Präventionsprogramme helfen nicht

Im Vorfeld lassen sich seiner Ansicht nach solche Taten mit keinem Präventionsprogramm verhindern, besonders nicht, wenn der „liebe Opi“ so eine Tat lange vorbereitet hat; eventuell durch Sach- oder Geldspenden oder Versprechungen im Allgemeinen. „Eltern können nur auf Veränderungen bei ihren Kindern achten. Entweder das Kind will überhaupt nicht mehr zu Opa oder es will jetzt auf einmal besonders oft zu ihm, ohne einen Grund zu nennen“, fügt Meyer hinzu. Wenn Toilettengänge, Bad oder Dusche nur noch bei verschlossener Tür vorgenommen werden, sollten bei den Eltern die Alarmglocken schrillen. Schmerzen am oder im Unterleib ohne erkennbare Ursache können Zeichen für einen sexuellen Missbrauchs sein.

Studien: Jedes zehnte Kind wird missbraucht

Bundesweite Studien haben ergeben, dass mindestens jeder Zehnte in Kindheit oder Jugend sexuellen Missbrauch erlebt hat. Etwa ein Drittel der Betroffenen wurden von Tätern aus der Familie missbraucht. Vier von fünf Tätern sind Männer. Die meisten Täter kommen aus dem sogenannten außerfamiliären Nahbereich, etwa Verwandte oder Babysitter.

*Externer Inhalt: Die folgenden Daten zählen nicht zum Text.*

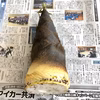 天然・孟宗筍・孟宗竹のタケノコ・たけのこ・竹の子 - 山形県酒田市八幡地域大沢産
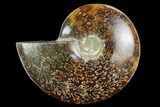 Polished Ammonite (Cleoniceras) Fossil - Madagascar #127225-1
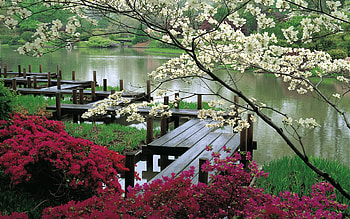 Landscape, Rivers HD wallpaper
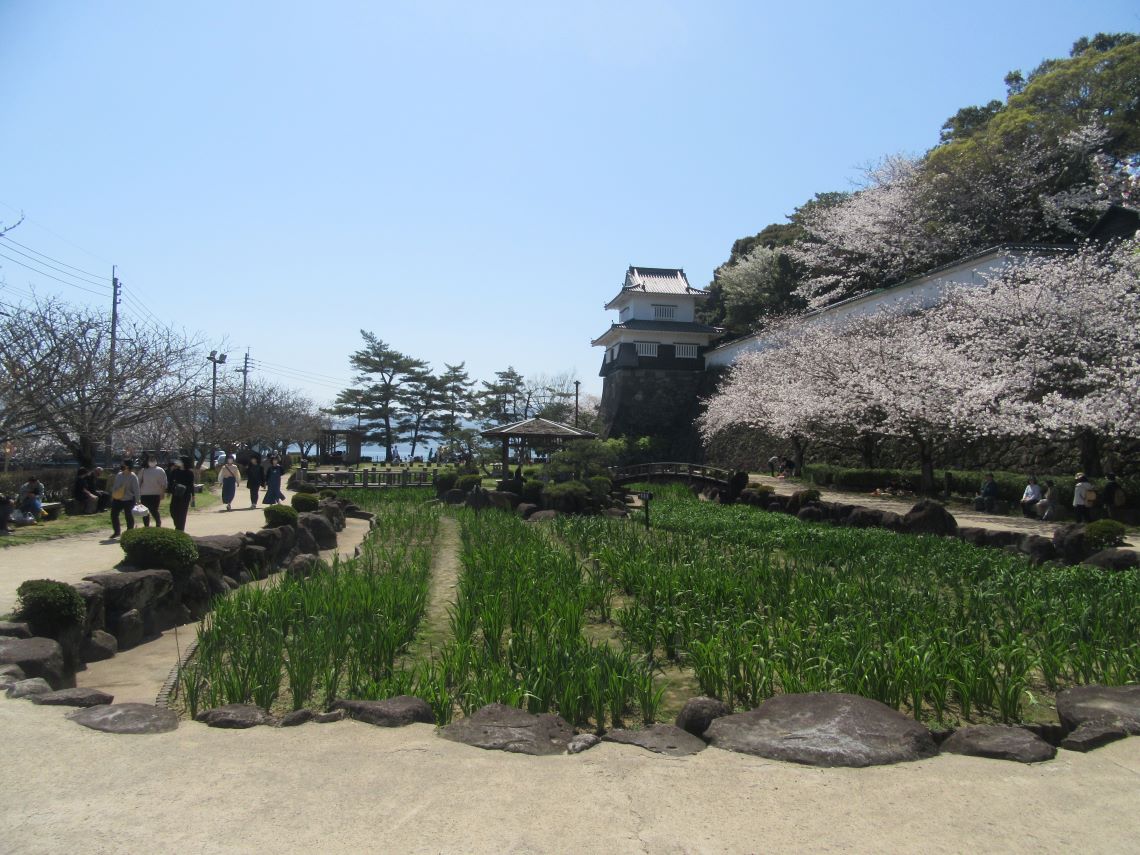 長崎県大村市にある大村公園で撮影した、玖島城跡と桜。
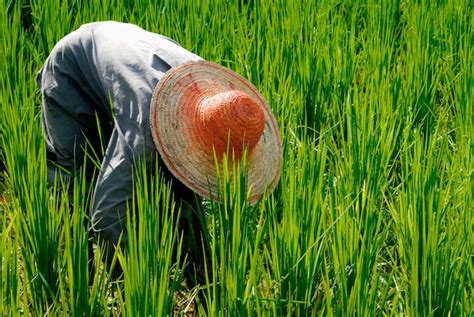 Premium Photo | Farmer harvesting rice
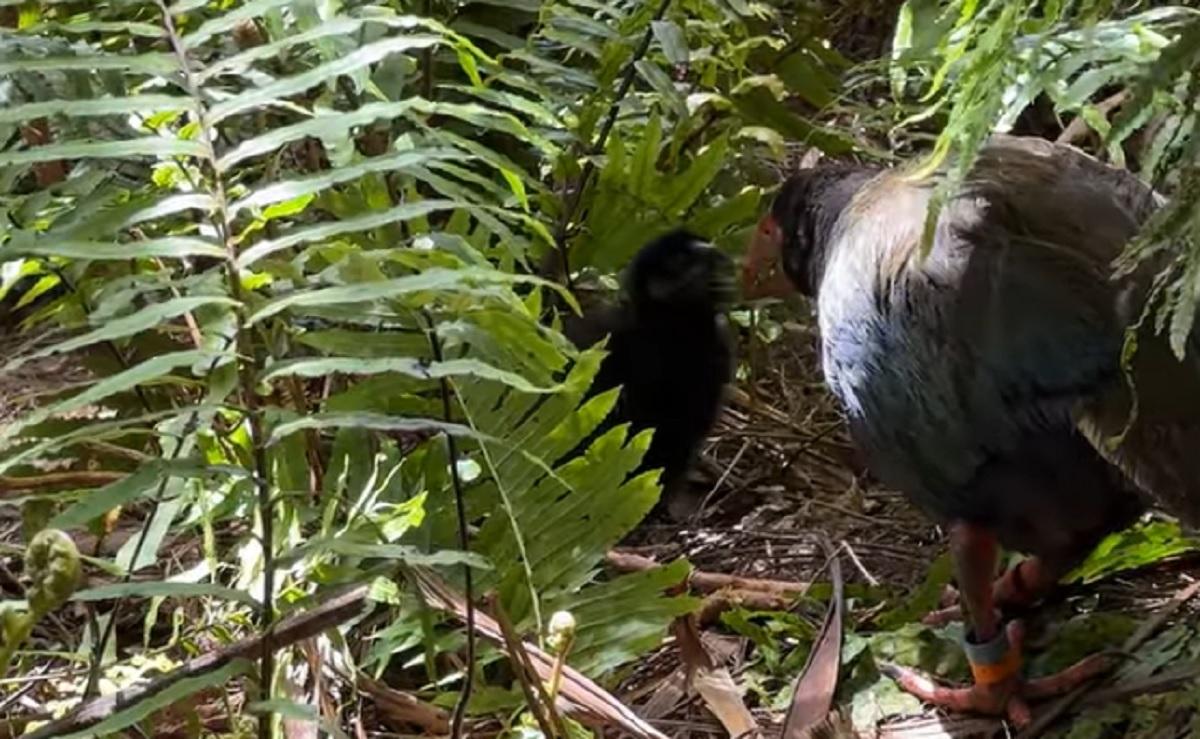 У рідкісних птахів, яких вважали безплідними, з'явилося пташеня: зоологи назвали це дивом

Präzise Statistiken und repräsentative Untersuchungen darüber, wie viele Fälle sexuellen Missbrauchs es in welchen Bereichen gibt, fehlen weitgehend.

Erst vor drei Wochen war der Mörder von Elias (6) und Mohamed (4) verurteilt worden. Silvio S. kommt aus Kaltenborn und hatte die beiden Jungen entführt und missbraucht, ehe er sie tötete.

Info: Sprechstunde des Weißen Ringes Teltow-Fläming ist an jedem letzten Freitag im Monat, von 16 bis 18 Uhr im Kreishaus in Luckenwalde, Am Nuthe­fließ 2. Das bundesweite, Opfer-Telefon ist erreichbar unter  116 006.